I didn’t know how to react to my own kids’ tears, let alone to the whimpering of an adult stranger. What was I supposed to deduce from his scatterbrained descriptions, from the feeble picture of his embarrassing long-standing difficulties with women, animals, and himself? I felt like slapping him and leaving.
Then the situation turned on a dime, he stopped babbling, swallowed hard, and said:
“You’re my favorite customer.”
There really was nothing I could say to that.
***
When I came to pick up the kids from afterschool care, they were just running out of the building, and together with a few classmates whose parents were also waiting, they jumped onto their scooters. I was packing up Nina’s lunchbox when Milka appeared over me. Her hands were clasped as if she were in a holy picture, but tense, not calm.
“Did you check Miško’s homework about the snail?”
First I blurted out yes, Nina and I had been making a quilling snail and Mišo was writing up how his snail had escaped. As I was answering her I realized that he had been writing away from us, and then he quickly stuck his afterschool diary into his backpack and pulled out his math homework.
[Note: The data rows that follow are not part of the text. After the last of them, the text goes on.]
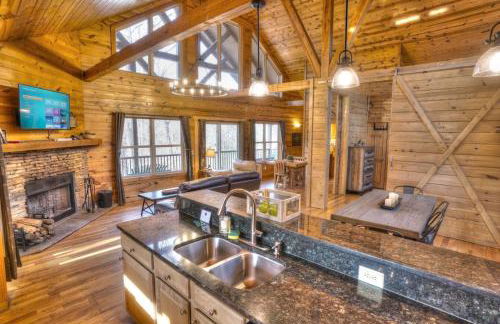 Luxury Cabin Sleeps 8 with creekside fire pit near Helen GA - Foto 21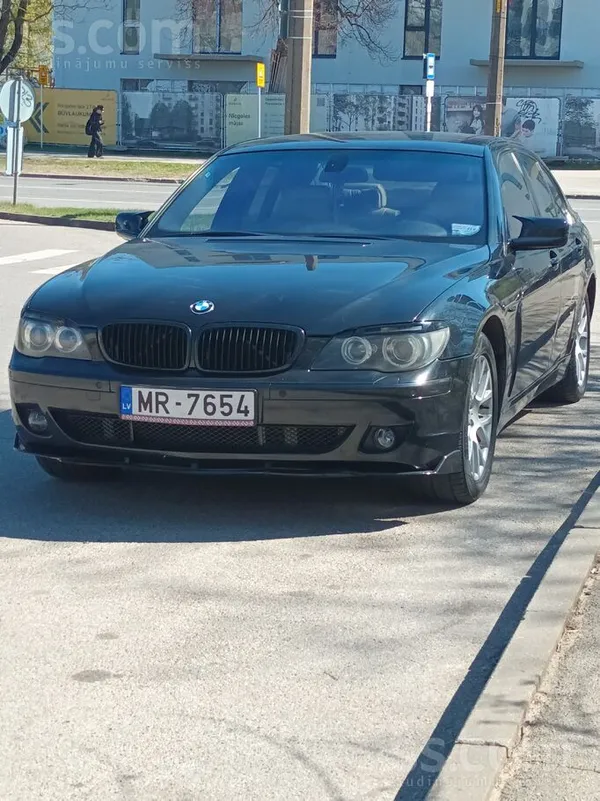 Pardod. vai mainu uz motociklu čoperi. Auto labā stāvoklī bet jāremontē karb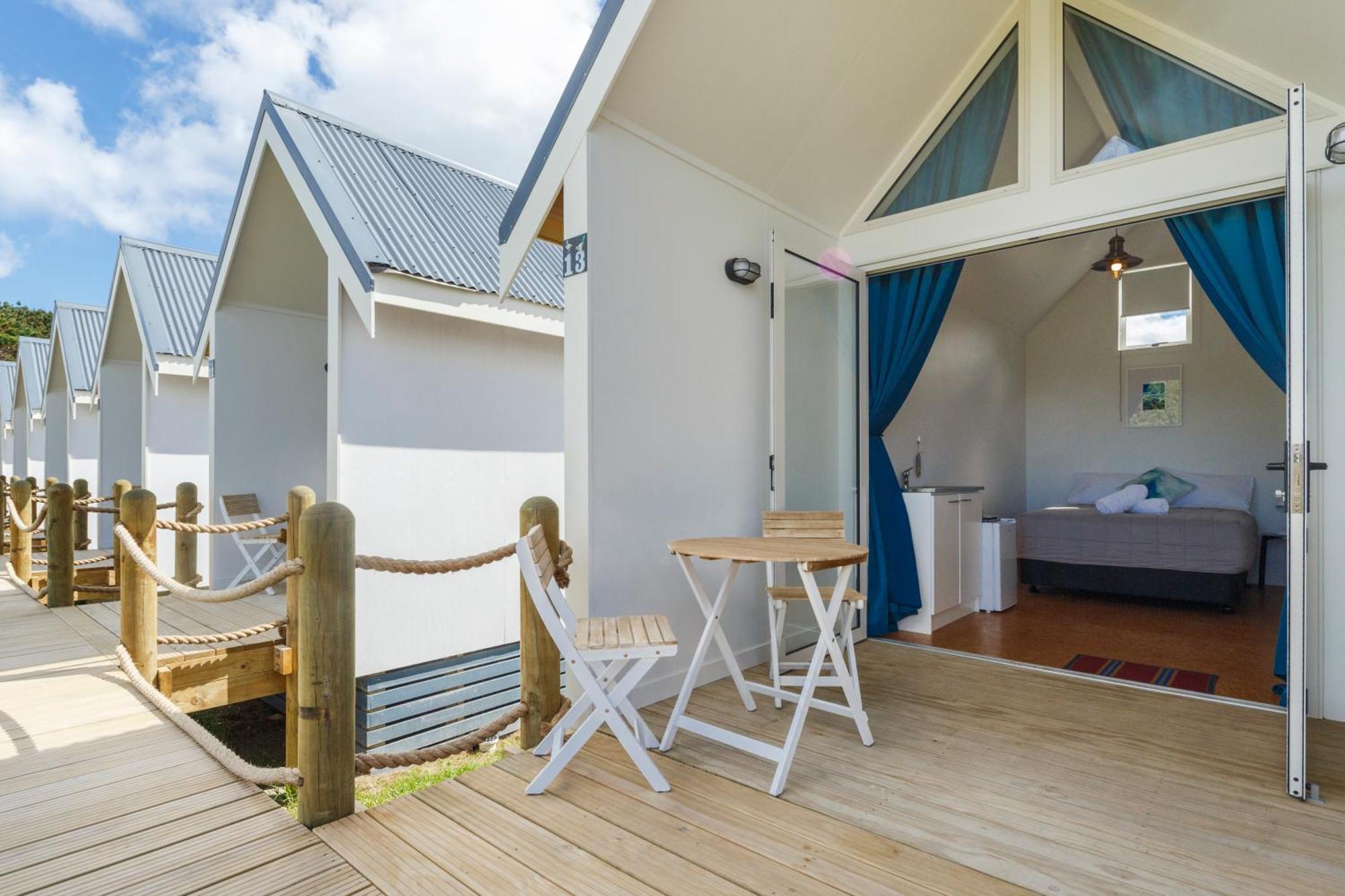Foxton Beach Holiday Park Extérieur photo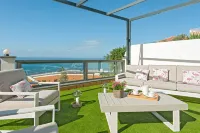 New, villa facing the sea, LEGALIZED Nº A-38/4. 1880 - 3-Star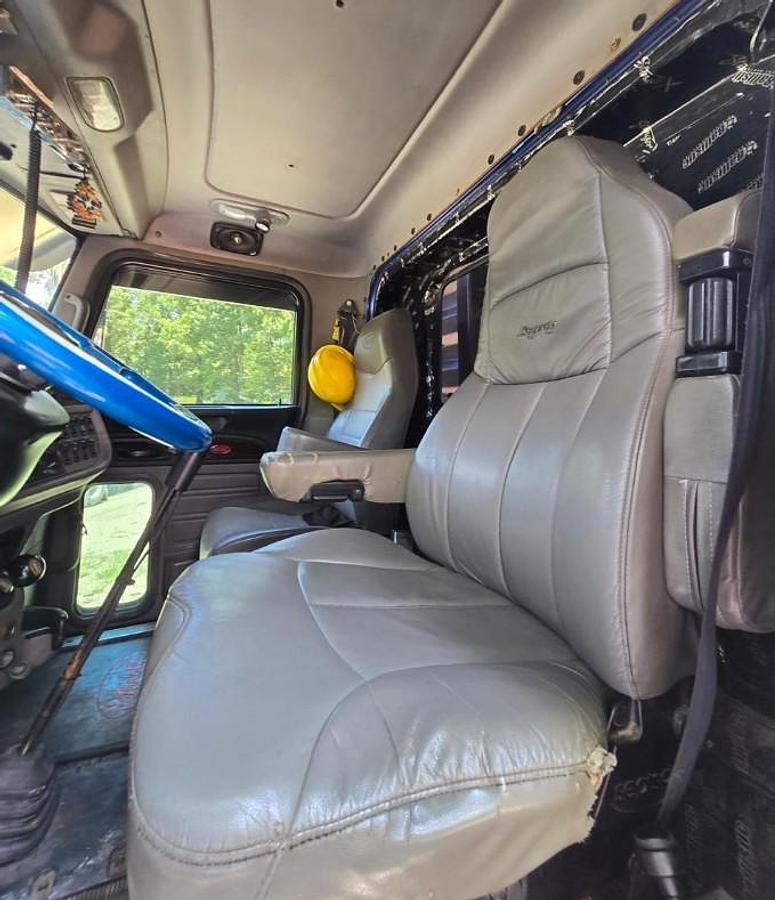 Used 2012 PETERBILT 389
I slowly moved away from the lockers, out of the hallway.
“Ninka’s snail is beautiful, you should put it on your fridge.”
“I definitely will,” I said, already outside.
“Miško’s homework wasn’t . . . ”
“Could you stop calling it homework?” I said, turning to her. “At best it’s a workbook they need for afterschool care. If I didn’t bring them here, we wouldn’t have to worry about such assignments. Neither they nor I.”
She didn’t avert her gaze for an instant.
“Miško wrote in his diary that snails are asinine. That was it,” she said firmly, surprising me with her moralizing tone, which I wasn’t used to from her.
“Well, after spending a Saturday at a terrarium fair, I think so too.”
It didn’t come out as confidently as I had hoped. She took me by the arm.
“You know, you were given a simple assignment. All of the parents got it done, no one complained. You didn’t have to do it, if you didn’t want to. Some people simply don’t have it in them.”
I walked down the steps.
“A simple assignment,” she repeated.
Scooters clattered over the cracks in the sidewalk. Nina had never been good at riding a scooter, but she tried to keep up with her brother and the rest of the kids. She turned toward me, hit a bump, and something told me to move and stop her fall. But she made it, and with a smile, she rode around me in an elegant arc.